#### What to do:
Return the lines of the data below starting at the one holding "Morning guys, it's" and ending at the one holding "Our caption here", word for word, leaving every picture out.

#### Material for the task:
——————————

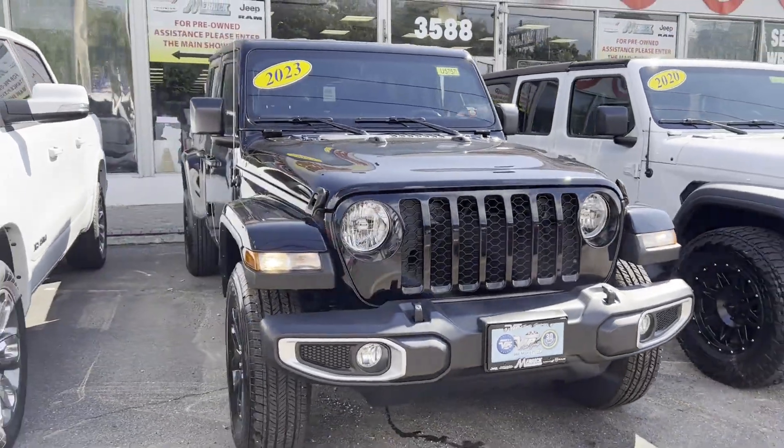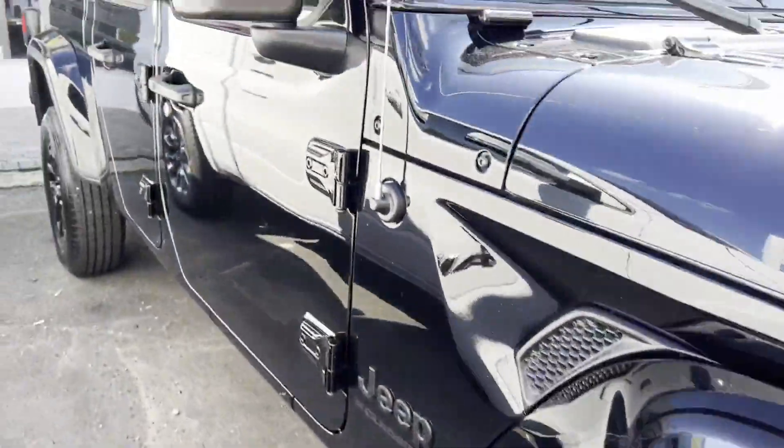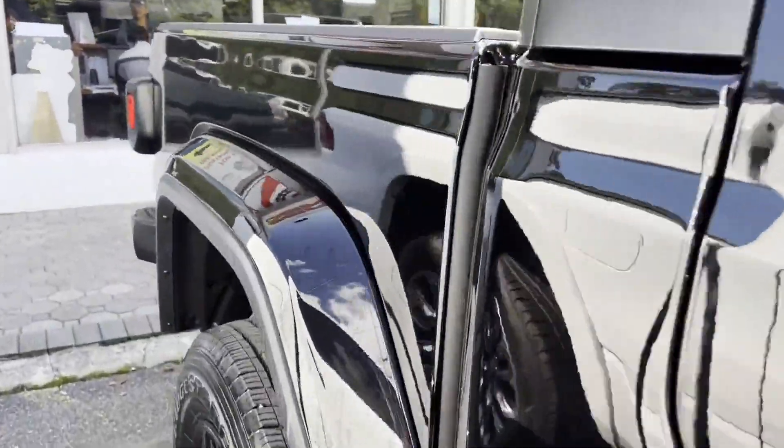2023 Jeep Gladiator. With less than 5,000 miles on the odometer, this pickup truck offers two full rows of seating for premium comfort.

——————————

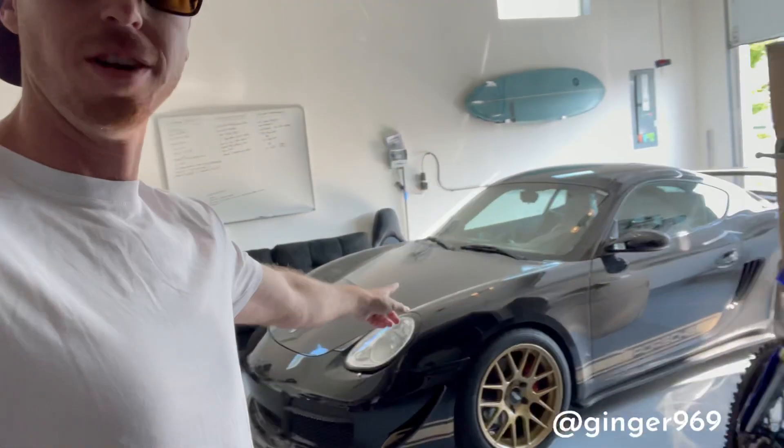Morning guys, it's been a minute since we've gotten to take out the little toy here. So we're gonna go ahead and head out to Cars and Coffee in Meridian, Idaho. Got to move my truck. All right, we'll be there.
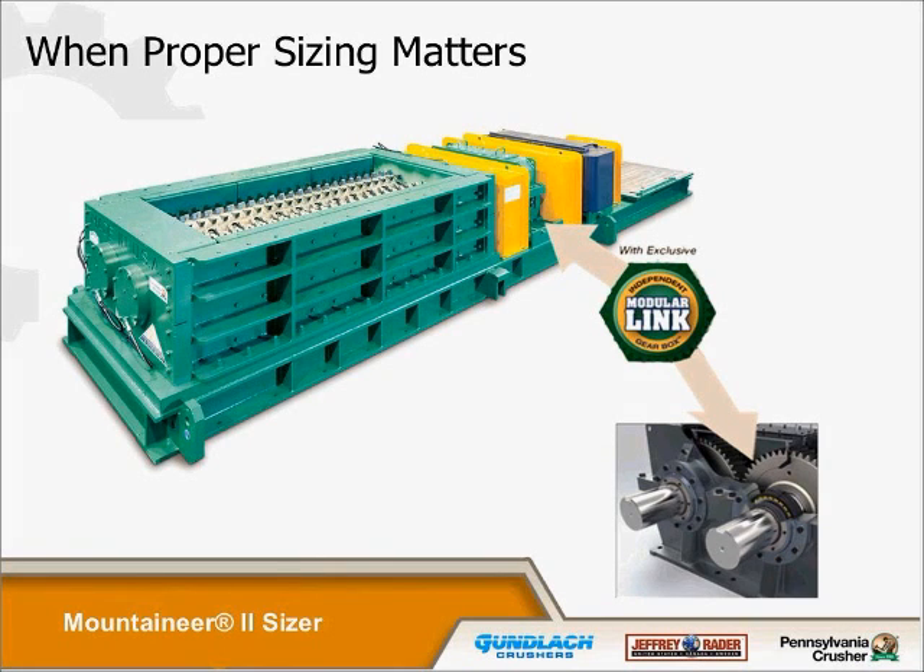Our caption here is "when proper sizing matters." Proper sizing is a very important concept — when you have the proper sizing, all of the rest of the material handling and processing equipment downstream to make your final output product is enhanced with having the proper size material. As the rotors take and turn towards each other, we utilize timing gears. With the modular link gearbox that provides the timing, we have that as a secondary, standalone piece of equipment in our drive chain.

——————————

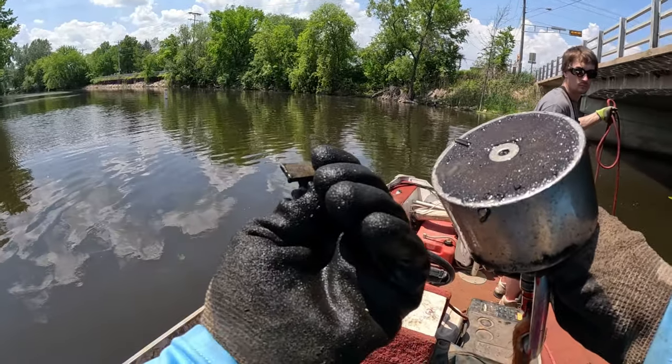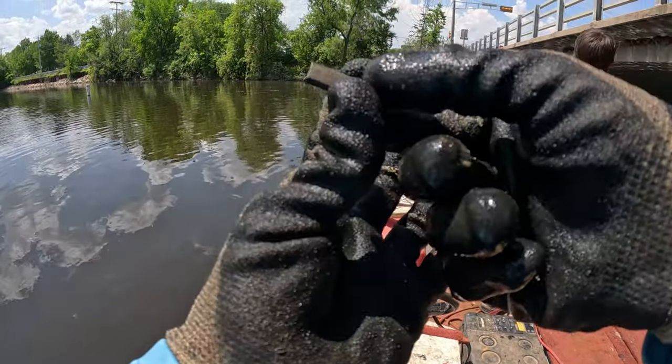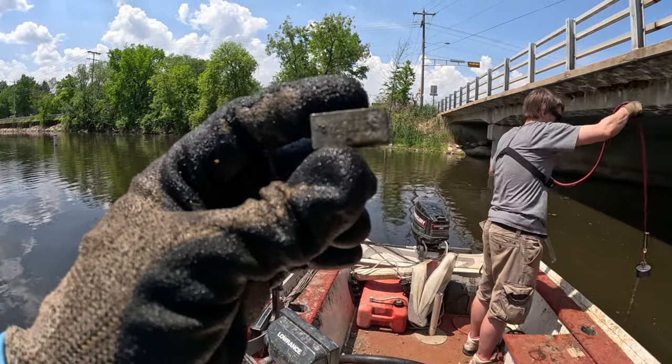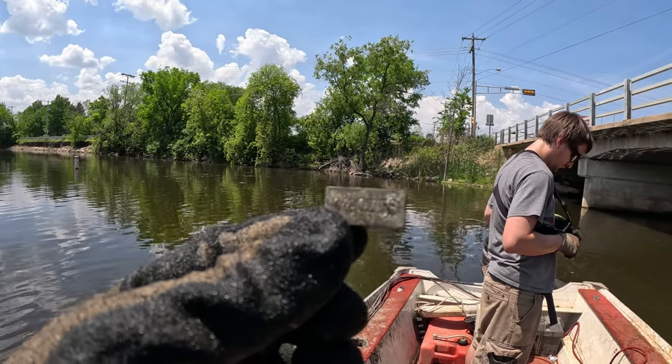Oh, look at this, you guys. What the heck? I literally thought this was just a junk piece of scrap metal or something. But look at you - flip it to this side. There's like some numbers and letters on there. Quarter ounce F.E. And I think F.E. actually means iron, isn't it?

——————————

#### Written solution:
Morning guys, it's been a minute since we've gotten to take out the little toy here. So we're gonna go ahead and head out to Cars and Coffee in Meridian, Idaho. Got to move my truck. All right, we'll be there.
Our caption here is "when proper sizing matters." Proper sizing is a very important concept — when you have the proper sizing, all of the rest of the material handling and processing equipment downstream to make your final output product is enhanced with having the proper size material. As the rotors take and turn towards each other, we utilize timing gears. With the modular link gearbox that provides the timing, we have that as a secondary, standalone piece of equipment in our drive chain.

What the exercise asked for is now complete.